2. Should the Court reconsider its decision in Kelo v. City of New London, 545 U.S. 469 (2005)?
Justice Kavanaugh would have granted the petition. Justice Thomas wrote a dissent from the denial of cert, which was joined by Justice Gorsuch. (Ilya wrote about it here).
What do we make of this cert denial? First, the petition did not ask to overrule Kelo. It only asked to "reconsider" Kelo. I agree with Ilya that "Reconsidering Kelo is not necessarily the same thing as overruling it." I think we could read Justice Thomas's dissent as supporting the overruling of Kelo. And Justice Gorsuch is on board. But Justice Kavanaugh did not join the dissental. At a minimum, Justice Kavanaugh would consider the first QP about blight, and the second QP about "reconsidering" Kelo, whatever that could mean.
Second, what about the other Justices? There does not seem to have been a sustained campaign to garner a fourth vote–even a "courtesy" fourth. The case was first distributed for the June 17 conference. It was relisted for June 24 and July 1. And was denied on July 2. Those two weeks were probably long enough for Thomas to write his dissent, and circulate it. There were no joiners, so they published the dissent with the "mop-up" list. Had the case lingered on the docket for weeks or months, there would be some indication of negotiations. But here, only three Justices were willing to grant.

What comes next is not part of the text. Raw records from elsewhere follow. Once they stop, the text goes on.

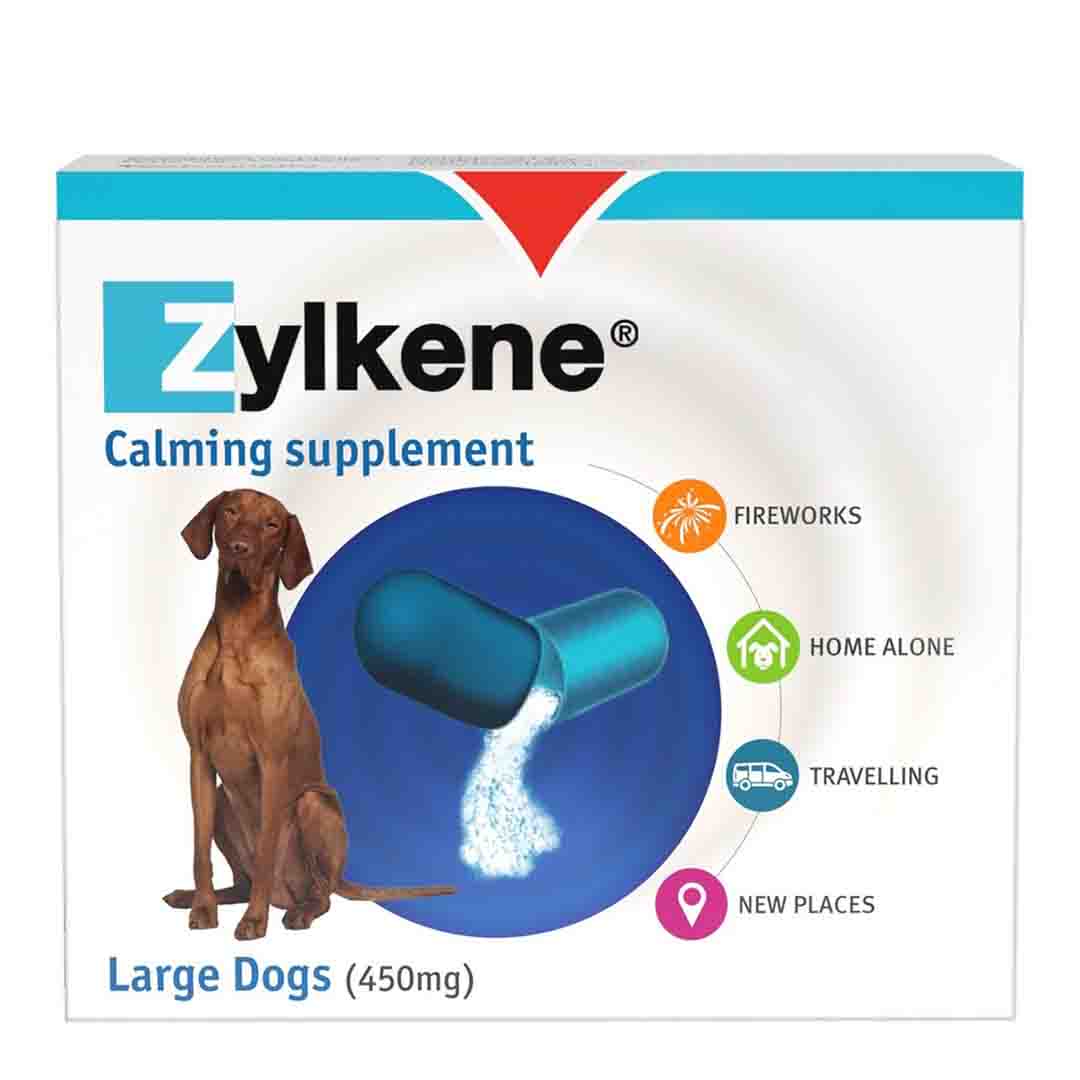 Zylkene 450mg Calming Supplement for Large Dogs, 20 Capsules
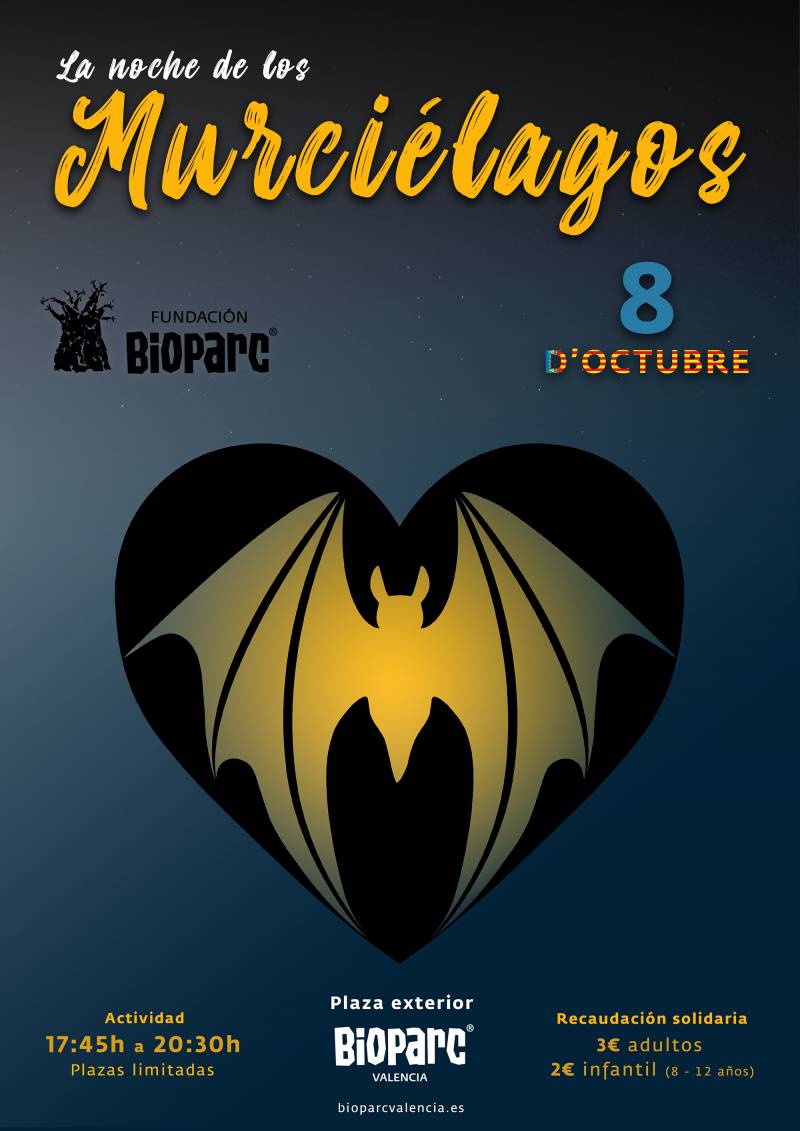 La noche de los murciélagos - BIOPARC Valencia 2019 La noche de los murciélagos - BIOPARC Valencia 2019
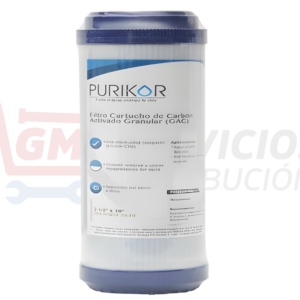 Filtro cartucho de carbón activado granular (GAC)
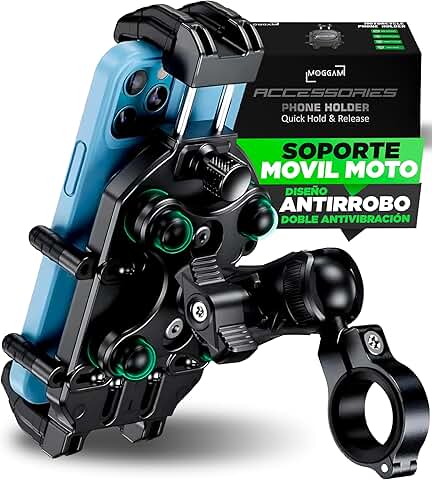 Soporte Móvil Motos especial para Trail y todo tipo de motos - Ultra Resistente Antivibracion Antirrobo 5.4"-7.2"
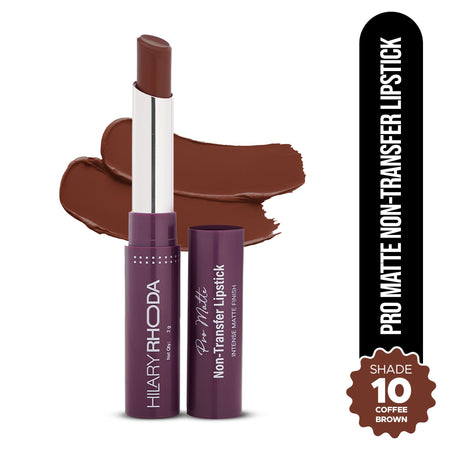 Hilary Rhoda Pro Matte Non-Transfer Waterproof Lipstick - Coffee Brown 10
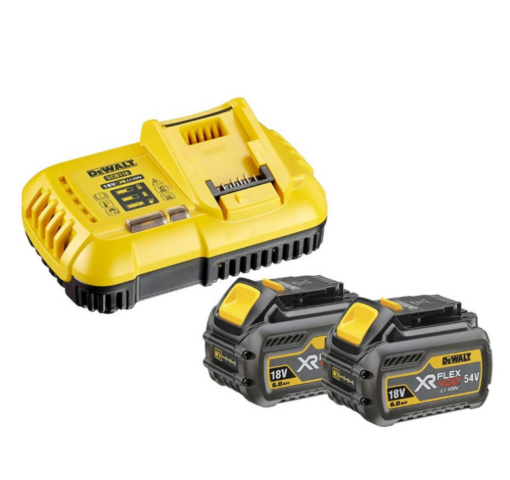 ΣΕΤ 2 ΤΕΜ. ΜΠΑΤΑΡΙΕΣ FLEXVOLT LI-ION 18v/6A.h – DeWALT DCB118T2-QW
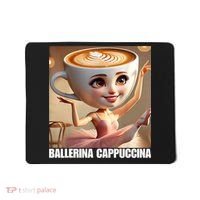 Ballerina Cappuccina - Italian Brainrot Meme  Mousepad thumb 0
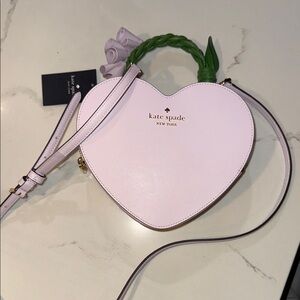 Kate Spade Light Pink Heart Crossbody Bag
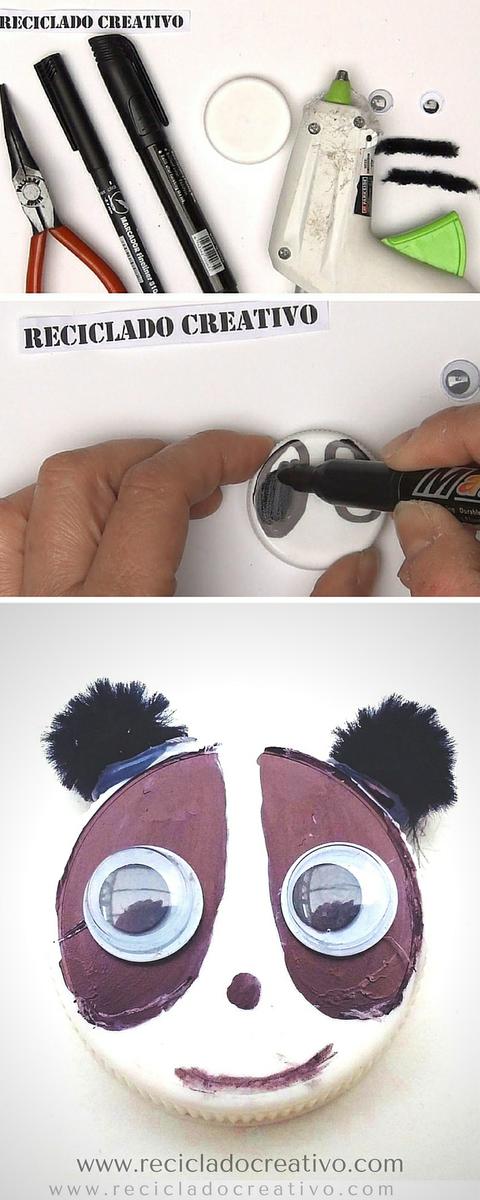 Oso Panda Manualidad para niños y reciclaje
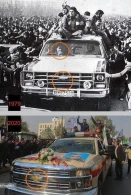 ABŞ istehsalı olan maşında iki iranlının fərqli "gəlişi"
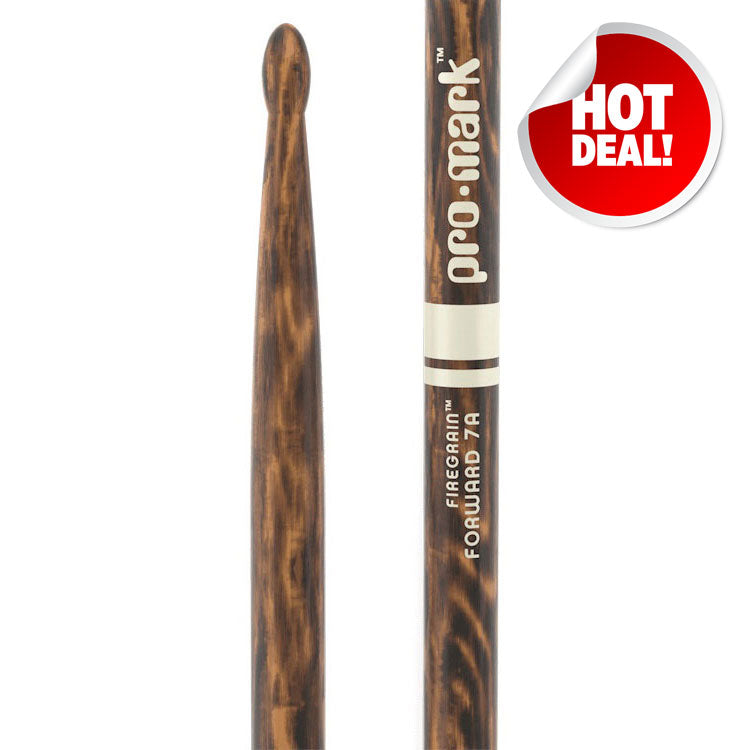 ProMark Classic Forward 7A Firegrain Hickory Wood Tip Drum Sticks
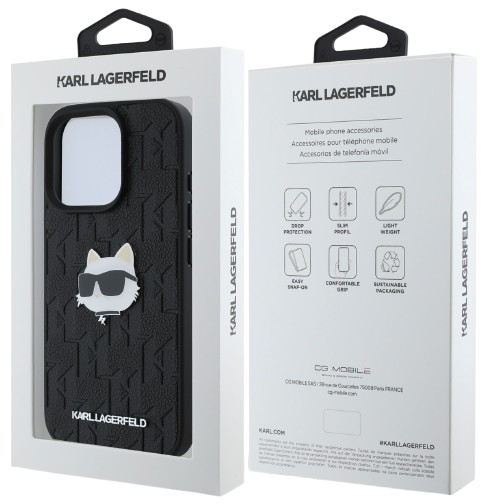 KARL LAGERFELD CARCASA CHOUPETTE HEAD IPHONE 16 PRO NEGRO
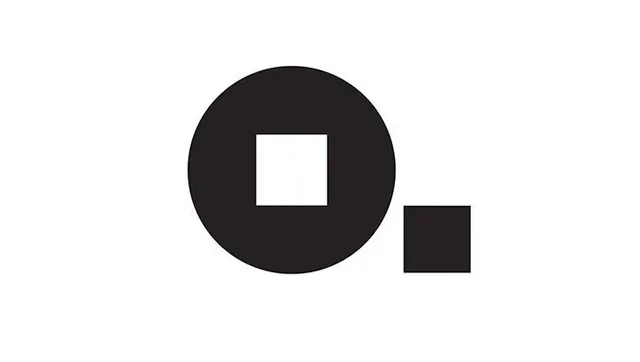 Nested-square geometric icon, minimal, geometric, dark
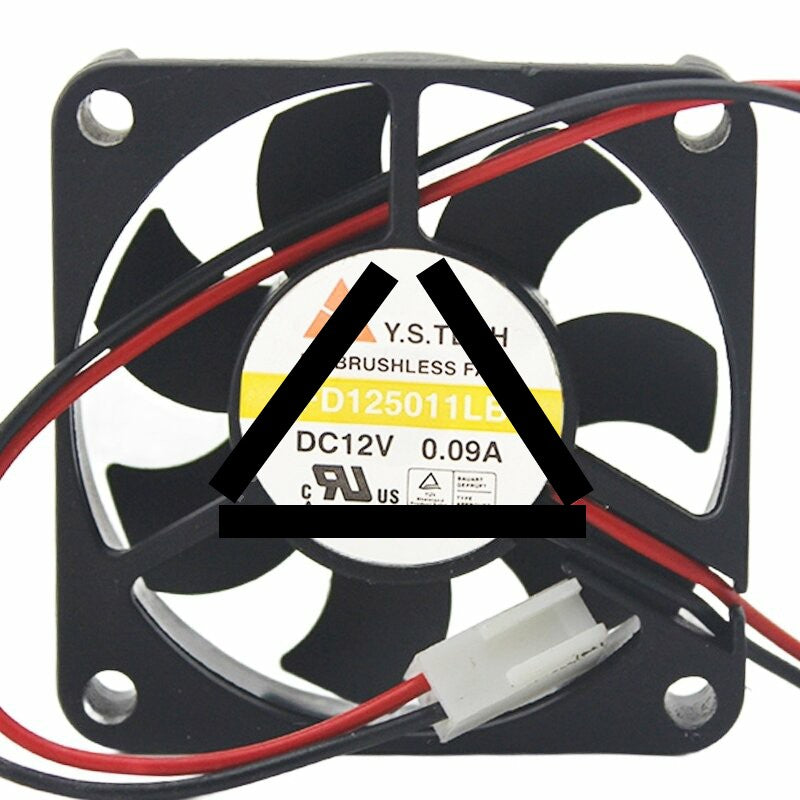 Y.S.TECH FD125011LB 12V 0.09A 5010 DC Brushless Axial Cooling Fan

Third, why did Justice Barrett not vote to grant? I have no idea what her views are on Kelo. I did a quick search of the law review articles she authored. Zero hits on Kelo. We know she has a preference for stare decisis, at least with respect to Smith. Perhaps she is unwilling to reconsider Kelo even if it is wrong as an original matter. Or maybe there are vehicle issues. (I suspect her cert denial in the TWA v. Hardison cases may have been due to vehicle issues.) Here, Justice Kavanaugh warrants praise, while the junior justice shows restraint yet again.
Fourth, where is Justice Alito? Ilya suggests that Alito may have spotted vehicle issues:
Justice Samuel Alito has long held similar views, going back at least as far as his interest in taking the case of Goldstein v. Pataki back in 2008. If Alito chose not to cast the fourth vote necessary to grant the petition for certiorari in Eychaner, it may be because he thought it was a flawed vehicle for the issue.
Hopefully other groups can tee up a clean challenge.
Fifth, what about the Chief? Well, he is hesitant to grant any petition that even calls any precedent into doubt. His preferred path is to quietly overrule precedents without saying so. Cedar Point Nursery was the strongest property rights decision I have ever read. Roberts basically rewrote Loretto. But he wouldn't dare say so. If there are four votes, though, Roberts cannot stop a grant. And at that point, he can rewrite Kelo.
Finally, if the Court is serious about overruling Kelo, it should also overrule Hawaii Housing Authority v. Midkiff and Berman v. Parker. The plaintiffs in Kelo did not ask to overrule Midkiff and Berman. And that position hamstrung them during oral arguments. So long as those precedents remain on the books, the state can still engage in rampant eminent domain abuse.